Int J Gynecol Pathol. 2018 Mar;37(2):191-197. doi: 10.1097/PGP.0000000000000395.
DNA genotyping is the gold standard diagnostic test to distinguish hydatidiform moles from nonmolar but morphologically abnormal products of conception (POC). The test is based on comparison of alleles at 15 short tandem repeat loci in the chorionic villi of the POC to those in the maternal decidual tissue. If alleles in the POC are not present in the decidua, then the most concerning interpretation is that the POC has a paternal uniparental genome diagnostic of a complete hydatidiform mole (CHM). However, a nonmolar pregnancy from a donated egg would also appear the same because the maternal genome of the POC would match that of the maternal donor, not that of the decidua of the individual carrying the pregnancy. Not surprisingly, 2 cases of potential misclassification of the genotype of a donor egg POC as CHM have been reported in the literature. We hypothesize that the ratio of heterozygous loci to homozygous loci (so-called allele zygosity ratio) distinguishes the genotype of a donor egg POC from CHM. We compared the allele zygosity ratio in 11 nonmolar donor egg POC, 5 dispermic (heterozygous) CHM and 31 monospermic (homozygous) CHM, without knowledge of the use of a donor egg, the histologic findings, or results of p57 immunohistochemical staining. In all 47 cases, the alleles from the chorionic villi did not match those in the decidua. The average ratio of heterozygous to homozygous loci was 4:1 in donor egg POC and 1:3 in dispermic CHM (P<0.0001). Monospermic CHM contained 100% homozygous loci. p57 staining was intact in all donor egg POC. We conclude that the allele zygosity ratio is important to evaluate when interpreting the genotype of morphologically abnormal POC that does not match the genotype of the decidua. A high heterozygous:homozygous ratio should raise concern for a nonmolar donor egg pregnancy. Correlation of this variable along with review of the histologic findings and p57 immunohistochemistry may prevent misclassification of the genotype of a donor egg POC with abnormal villous morphology as a dispermic (heterozygous) CHM.

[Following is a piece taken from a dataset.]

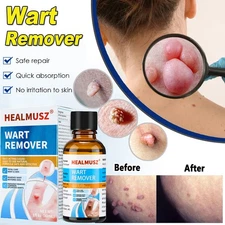 Wart Remover Liquid Skin Tag Mole Remover Eliminate Feet Corn Wart Removal 30ml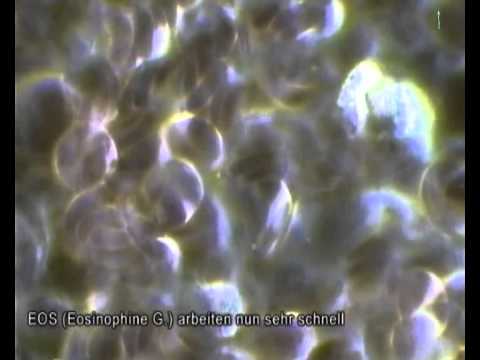 Positive Beeinflussung des Blutes durch SANZA Kombinationstherapie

DNA基因分型是区分葡萄胎与非葡萄胎但形态学异常的妊娠产物(POC)的金标准诊断测试。该测试基于比较POC绒毛膜绒毛中15个短串联重复序列位点的等位基因与母体蜕膜组织中的等位基因。如果POC中的等位基因在蜕膜中不存在,那么最值得关注的解释是POC具有父系单亲基因组,诊断为完全性葡萄胎(CHM)。然而,来自捐赠卵子的非葡萄胎妊娠也会呈现相同情况,因为POC的母体基因组将与母体捐赠者的基因组匹配,而不是与怀有该妊娠的个体的蜕膜基因组匹配。毫不奇怪,文献中已报道了2例将捐赠卵子POC的基因型误分类为CHM的病例。我们假设杂合位点与纯合位点的比例(所谓的等位基因纯合度比例)可区分捐赠卵子POC与CHM的基因型。我们比较了11例非葡萄胎捐赠卵子POC、5例双精子(杂合)CHM和31例单精子(纯合)CHM中的等位基因纯合度比例,且不知晓是否使用了捐赠卵子、组织学检查结果或p57免疫组化染色结果。在所有47例病例中,绒毛膜绒毛中的等位基因与蜕膜中的等位基因不匹配。捐赠卵子POC中杂合位点与纯合位点的平均比例为4:1,双精子CHM中为1:3(P<0.0001)。单精子CHM含有100%的纯合位点。所有捐赠卵子POC中的p57染色均完整。我们得出结论,在解释形态学异常且与蜕膜基因型不匹配的POC的基因型时,等位基因纯合度比例很重要。高杂合:纯合比例应引起对非葡萄胎捐赠卵子妊娠的关注。将此变量与组织学检查结果及p57免疫组化结果相结合进行审查,可以防止将具有异常绒毛形态的捐赠卵子POC的基因型误分类为双精子(杂合)CHM。